This reaction is also widely used in the large-scale production of commodity chemicals and in the pharmaceutical industry, Houk said.
'Previous reports of designed enzymes have not been very successful, and some have been withdrawn. That is hardly surprising, considering the challenge of designing in days or weeks what nature has perfected over billions of years of evolution. The rate enhancements by our designer enzymes are modest and hardly competitive, so far, with those observed for their natural counterparts,' Houk said.
The implementation of the aldol reaction in the active site of an enzyme has been an important challenge. The reaction involves at least six chemical transformations, requiring UCLA scientists to compute all six chemical steps with their corresponding transition states. The structures were then combined in such a way to allow all six steps to occur.
Houk's team of 30 computational chemists used quantum mechanical calculations to discover chemical reactions with supercomputers.

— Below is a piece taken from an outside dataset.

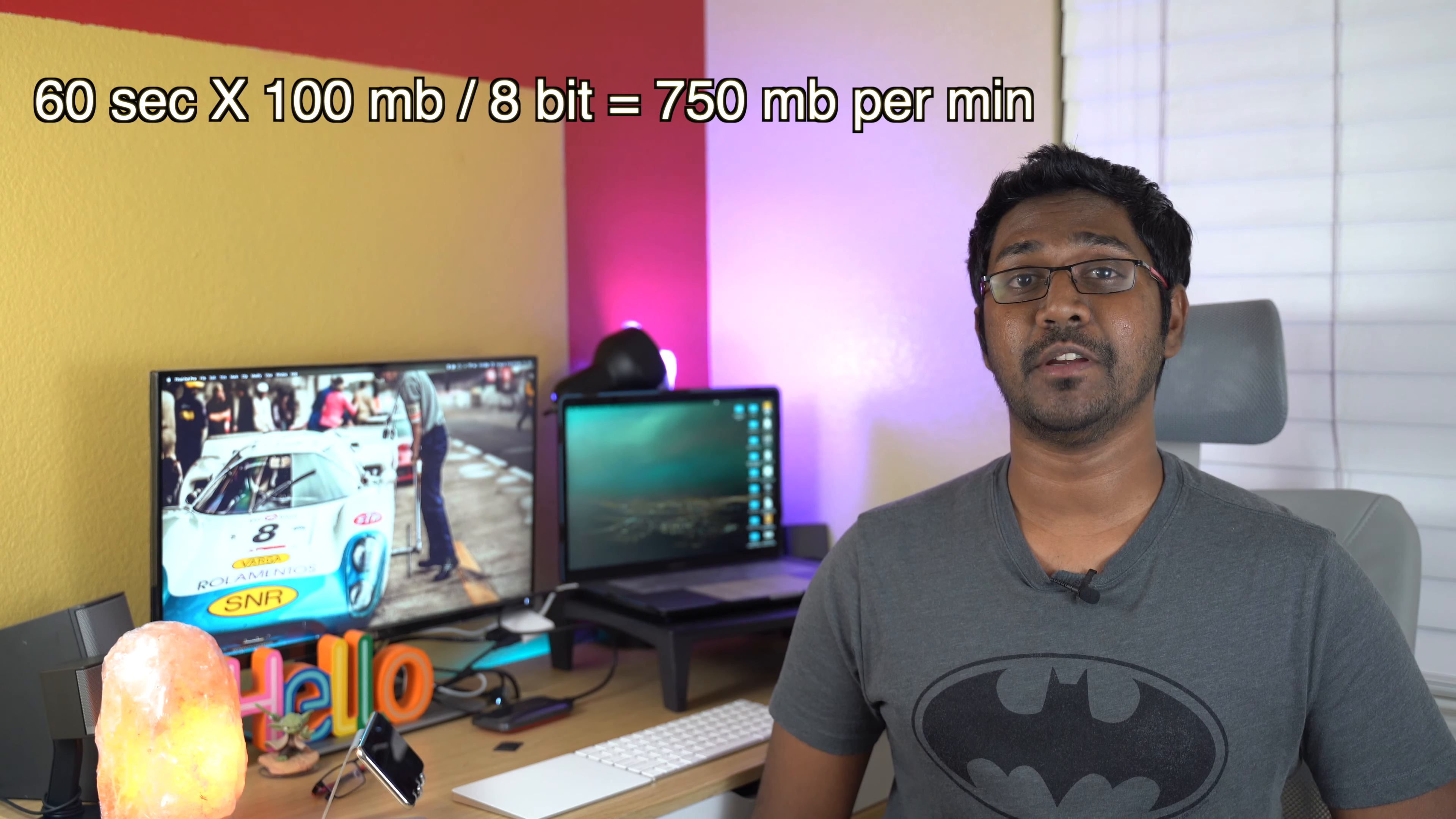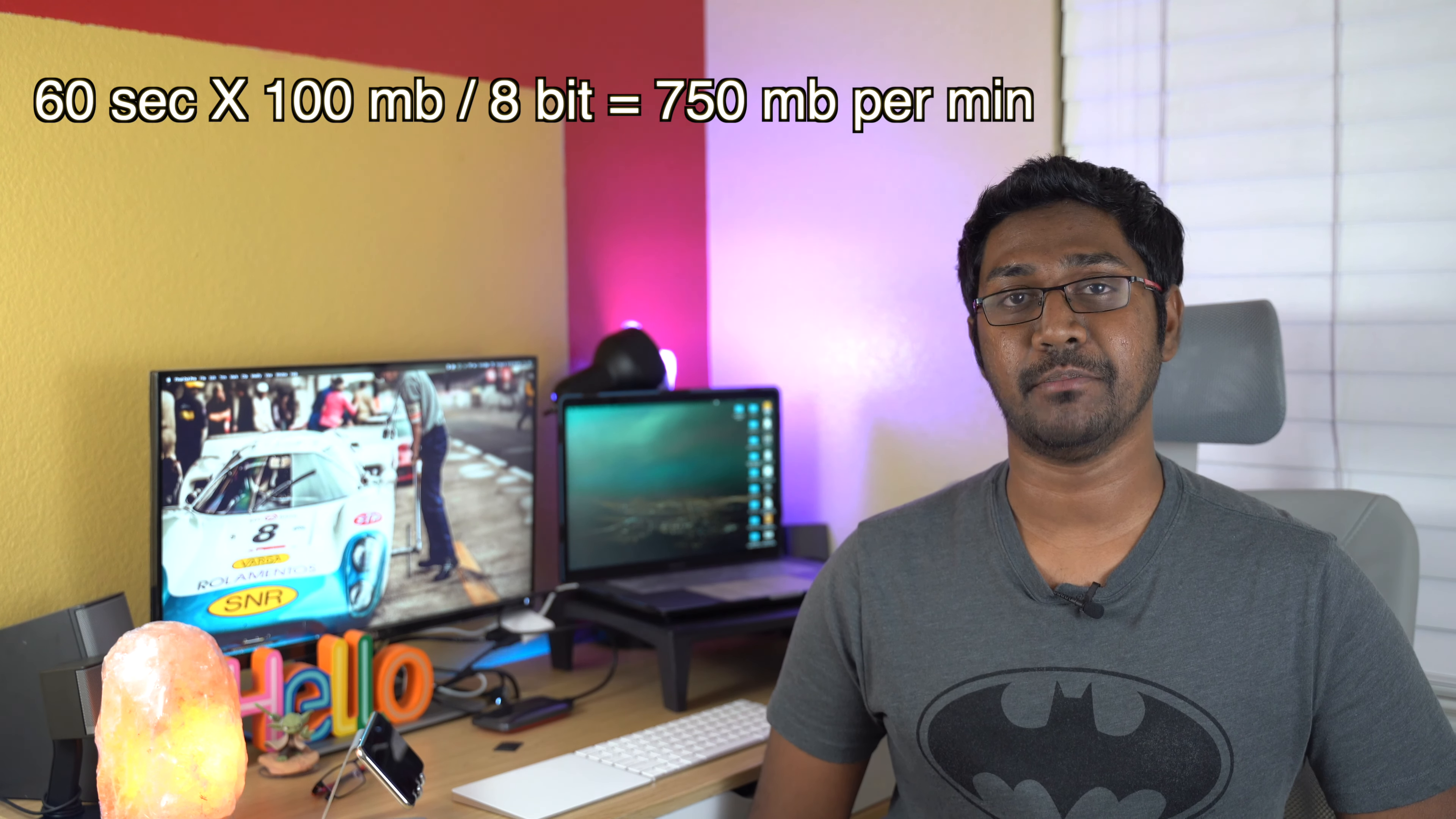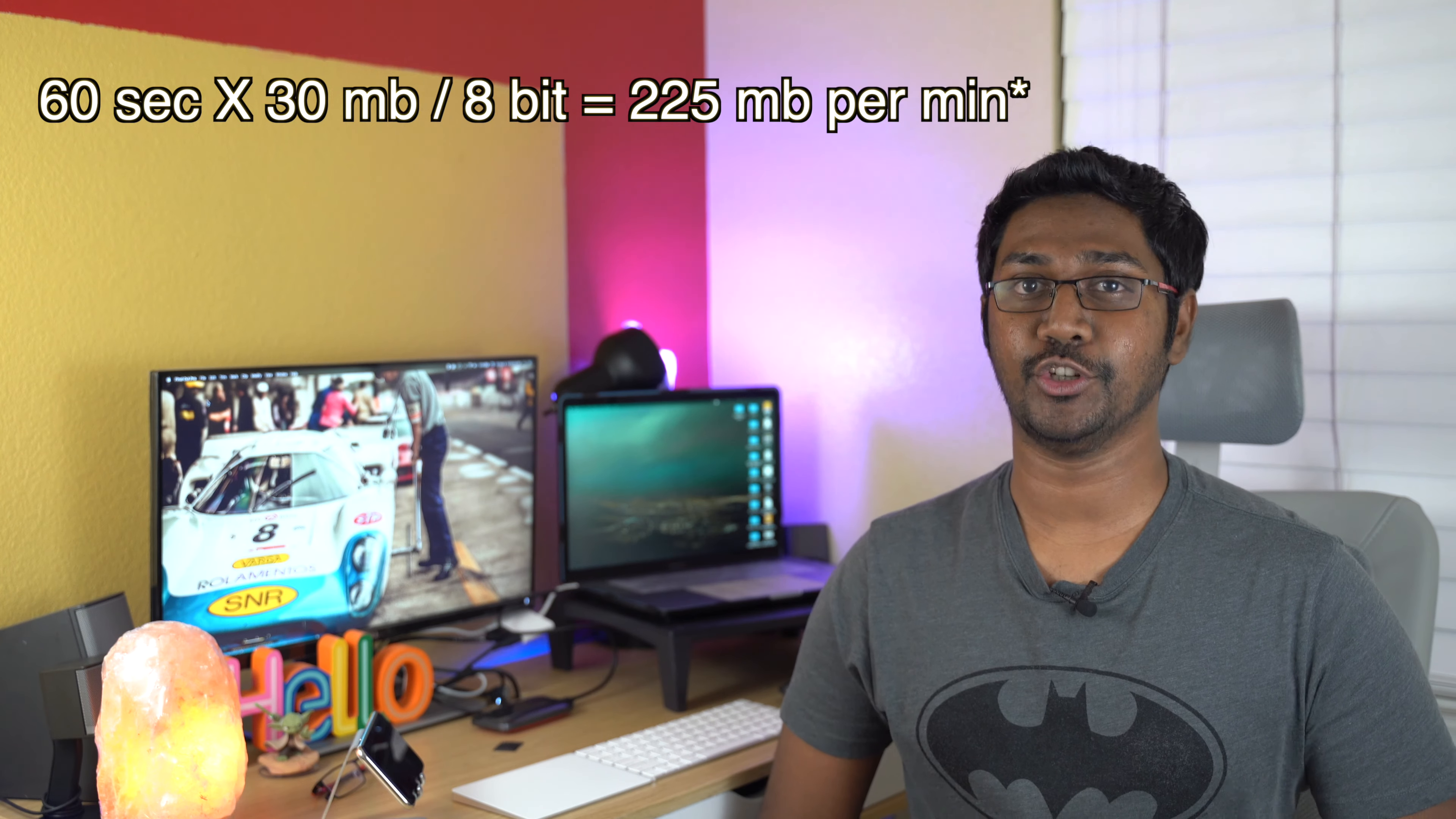This is a simple calculation. First, check the camera manufacturer's specifications for the bitrate, whether HD or 4K. The bitrate tells you how much data is recorded per second. For example, my Sony a7 III records 4K video at 100 megabits per second with 8-bit. That means 60 seconds times 100Mb divided by 8 equals approximately 750MB per minute. For 1080p, typical bitrates range from minimum 30Mb to maximum 60Mb. If you record at 30Mb, then 30 times 60 divided by 8 equals almost 225MB per minute.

Using algorithms and supercomputers, the UCLA chemists designed the active site for the enzymes, the area of the enzymes in which the chemical reactions take place, and give a blueprint for the active site to their University of Washington colleagues.
Baker and his group then used their computer programs to design a sequence of amino acids that fold to produce an active site like the one designed by Houk's group. Baker's group then produced the enzymes.
Enzymes are the ultimate 'green' catalysts by performing under ambient conditions in water, Houk said.
The study is published in the journal Nature.